Dave Wannstedt was the Defensive Coordinator for the Dallas Cowboys when they won the Super Bowl in 1992. He was hired as Head Coach of the Chicago Bears, where he went 41-57 in 7 years and 4-12 his last two years. He was fired, and returned to being a Defensive Coordinator, this time in Miami. Having demonstrated his inability to be a Head Coach, he had to wait a full year before being hired as Head Coach for the Miami Dolphins, where he went 42-30, and 1-7 in his final year. Having now been a Head Coach twice without great success, he was forced to look for another job . . . as a Head Coach, this time at the University of Pittsburgh, where he has gone 16-19 in three years (although he is 9-3 this year, but that’s probably an accident). He makes $1.2 million a year.

Greg Robinson ran a solid defense in Denver when they won two Super Bowls in 1997 and ‘98. He ran a porous defense in Kansas City from 2000-03, spent a year coaching defense at the University of Texas (who should probably have played for the Big 12 title) and was finally rewarded for his defensive mediocrity by becoming Head Coach of Syracuse, where he won 10 games in 4 years. He made $1.1 million a year.

Herman Edwards took the New York Jets from 10-6 to 4-12 his last two years, and he was punished by being hired in Kansas City, where he is 14-31, including 2-14 in 2008. He makes $2 million a year.
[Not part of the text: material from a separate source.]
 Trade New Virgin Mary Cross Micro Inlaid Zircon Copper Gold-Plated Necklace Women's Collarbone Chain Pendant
All of these coaches had some measure of success before they became Head Coaches. Three of them were part of Super Bowl winning teams. All of them proved unable to win after their initial successes, and all of them were hired again anyway. Wannstedt and Turner have been hired as Head Coaches multiple times, and haven’t won at any of them. It is one thing to hire a coach with a good resume who fails. It is quite another to hire a coach with a record of losing, pay him millions of dollars a year, and then wonder why your team sucks.
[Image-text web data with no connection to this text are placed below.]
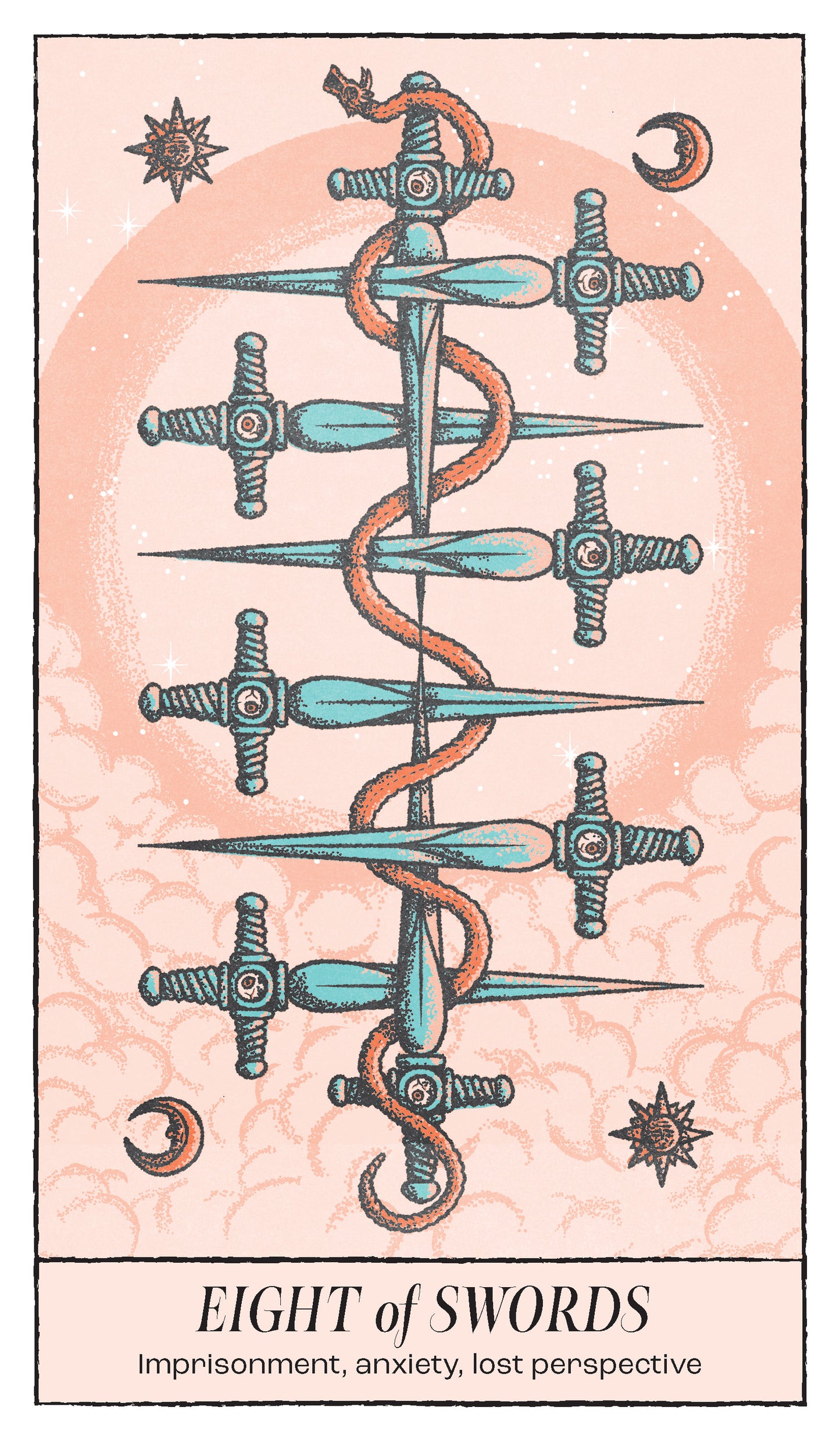 Tarot card featuring eight swords on a pink background with astrological symbols.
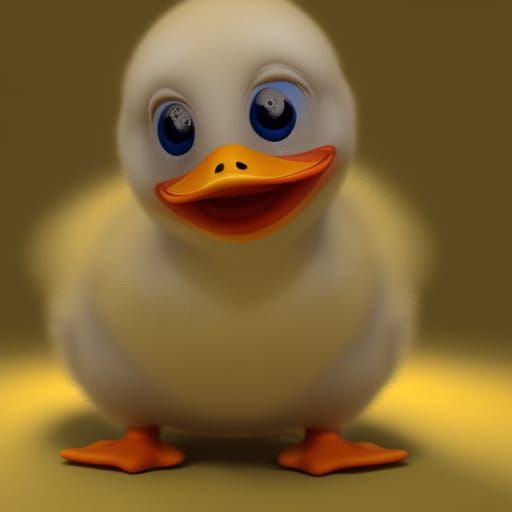 Cute Baby Duck: Pixar-Inspired 3D Digital Art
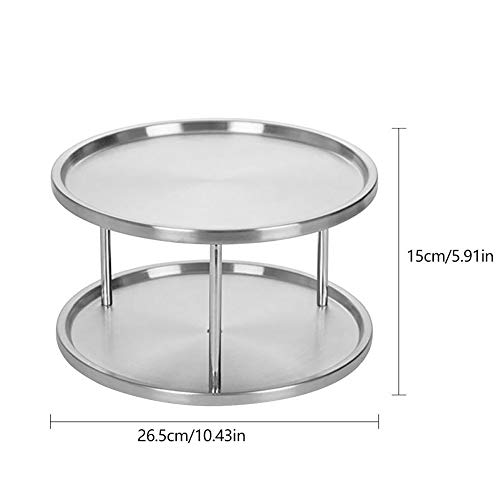 Tiamu Estante de Especias Bandeja de Organizador de Acero Inoxidable Plataforma Giratoria Soporte de Mesa de 2 Niveles Giratorio para Mesa de Comedor Encimeras de Cocina Gabinetes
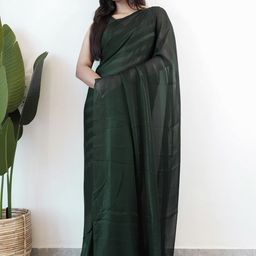 Anouk Rustic Striped Poly Georgette Saree image 5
There are many more examples, and fans of every team can point to a time their team hired a miserable coach (Charlie Weis, Al Groh, Ty Willingham, the list goes on).

2. Even if the coach is terrible, the team has to pay to fire him

CEO’s have their golden parachutes worth millions, but football coaches manage to cover their retirements as well. In college football, if a coach is fired before the end of his contract, the school often has to ‘buy out’ the remaining years of the contract by paying the coach the salary for the years left in the deal (if the coach chooses to leave for another school, often the new school has to pay a buyout fee to the old school).

In 2007, the University of Nebraska gave Bill Callahan (who also qualifies for section 1) a contract extension. That season, he went 5-7 and was dismissed. Nebraska had to pay him $3.1 million in order to fire him.

Other recent buyouts include $6 million to fire Phillip Fulmer at Tennessee, $5.1 million for Tommy Tuberville to ‘resign’ at Auburn, $3.5 million to sack Tommy Bowden at Clemson, $1 million to dump Ty Willingham at Washington, and $1.2 million to get rid of Ron Prince at Kansas State. Bowden, Prince and Fulmer were all in the first year of new contracts.

Here is an interesting thought. Perhaps, maybe, as a suggestion, if you’re going to fire your coach, don’t sign him to a new contract!

3. Dumping a winning coach because you think you are an elite program

Some schools have tremendous history and tradition. Programs like Oklahoma, Nebraska, Alabama and Notre Dame have been dominant in college football for decades (there are more- don’t get mad because I left off your team). They have multiple national championships, Heisman winners, legendary coaches and years and years of success.

Other schools are just happy to have a winning record every couple of years. Going to a bowl game of any kind is considered a success for these schools.

The problem is that some schools become confused as to whether they belong among the elite teams, or should just be grateful to win a game now and then. These schools fired successful coaches because they weren’t winning enough games to suit the over-inflated expectations of the deluded fan base.

In 2003, Nebraska fired Frank Solich after he went 9-3. Granted, he had gone 7-7 the year before, and Nebraska was used to winning national titles with legendary Tom Osborne. Alas, they hired Bill Callahan, who, as mentioned above, lost a bunch of games and cost the school a lot of money to do it.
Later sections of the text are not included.